The Policy Owner receives the Loan and never has out-of-pocket expenses. The beneficiary receives the net benefit if the Insured dies during the Loan Term. If the Insured outlives the Loan Term, the Policy Owner waives the remaining benefit and the Lender cancels the Loan.
Frequently Asked Questions
What advantage might a Private Policy Loan have over a Viatical Settlement?
About 80% of Insureds die during the Loan Term. The Private Policy Loan delivers some net benefit to their beneficiaries after deducting Loan principal, interest, and fees. The Viatical Settlement is a single lump-sum payment with no possibility of further benefit. If having some benefit is absolutely essential, the Retained Benefit Life Settlement could be the answer if available.
How does the initial Private Policy Loan payout compare with a Viatical Settlement?
The Private Policy Loan’s initial payout is generally lower than the Viatical Settlement’s lump-sum payment. The difference is a consequence of the Lender’s more difficult business design which ends up with a thinner profit margin. The Lender’s only collateral is the policy’s death benefit and thus the Policy Owner does not pledge any assets. The loan is legally known as “Non-Recourse.”
Lenders must plan to lose some money on the roughly 20% of cases that outlive the Loan Term. Depending on the specifics of a Loan, the remaining death benefit might not cover the Lenders’ internal costs and they would become “upside-down” on the Loan.
Lenders also must comply with the ever-changing patch quilt of state consumer loan or in some states mortgage loan regulations on interest rates and everything else. As a result, Lenders must reluctantly avoid states where they cannot hope to reliably make money.
Funders face a much a simpler proposition: they buy the policy with one lump-sum, pay premiums, and collect the entire benefit.
If the policy has an Accelerated Death Benefit feature, is it possible to get a Private Policy Loan and then pursue the ADB with the reduced policy?
Private Policy Loan contracts lock up the Accelerated Death Benefit feature if it has not been transacted. Otherwise, the Policy Owner could double-dip by getting a Private Policy Loan and then carve out more or all of the policy’s remaining benefit via the ADB. It is for that reason that we educate the public on the fact that the ADB would have to be transacted before getting a Private Policy Loan.
In our comprehensive Accelerated Death Benefit section, we outline a number of scenarios regarding the options available for cases when the Insured can qualify for the ADB or the ADB has already been paid to the Policy Owner.
How does the Private Policy Loan differ from the carrier‘s loan based on the policy’s cash surrender value?

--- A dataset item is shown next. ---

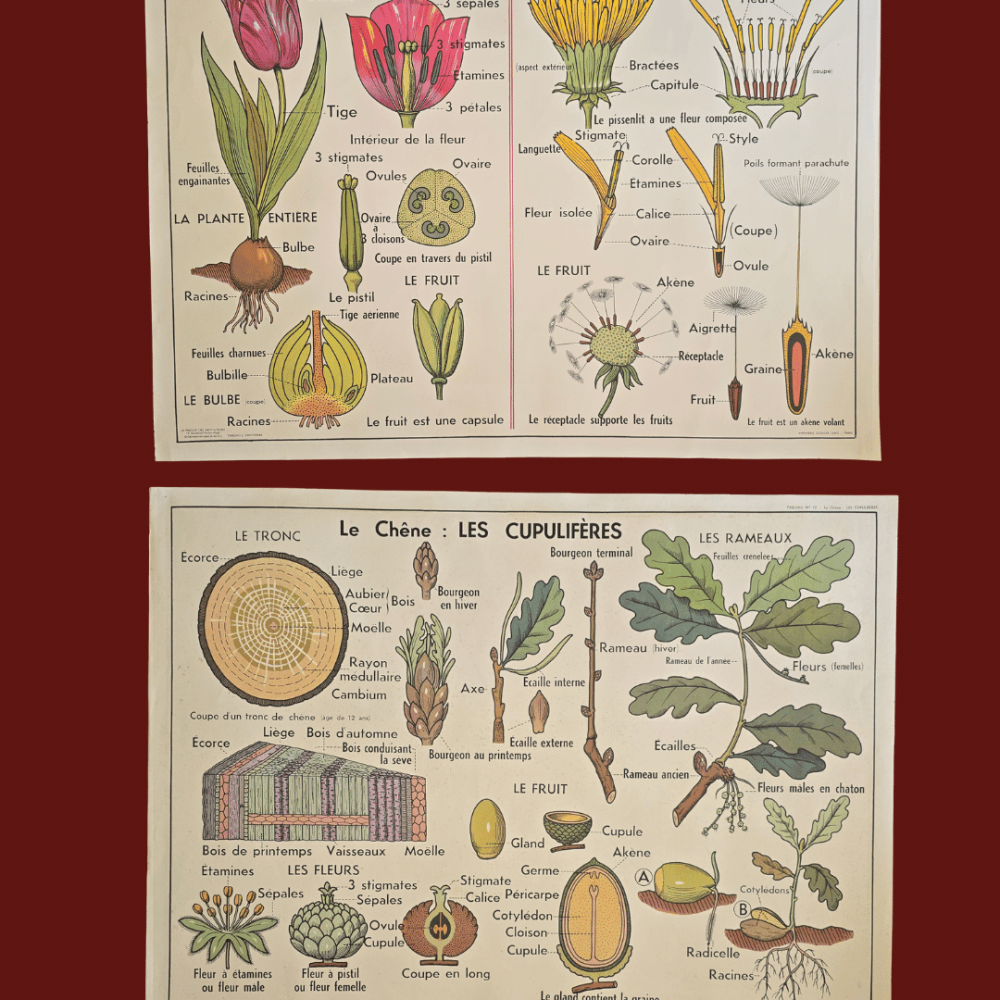 affiche scolaire ancienne botanique anscombre liliacees tulipe chene vintage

The Private Policy Loan is usually much greater than the average carrier policy loan from a Universal Life or Whole Life policy. The Lender pays premiums and adds those payments to the Loan, which also includes deferred interest and Loan fees.
By contrast, life insurance companies use the policy’s cash surrender value as collateral for an internal policy loan with a specified rate of interest. The Loan principal, interest, and fees reduce the death benefit dollar for dollar. The Policy Owner continues to maintain the policy by paying premiums as required.
Thus, the carrier has zero risks because they are effectively lending back the Owner’s money and charging interest in the bargain.
Why is it harder to qualify for a Private Policy Loan than a Viatical Settlement?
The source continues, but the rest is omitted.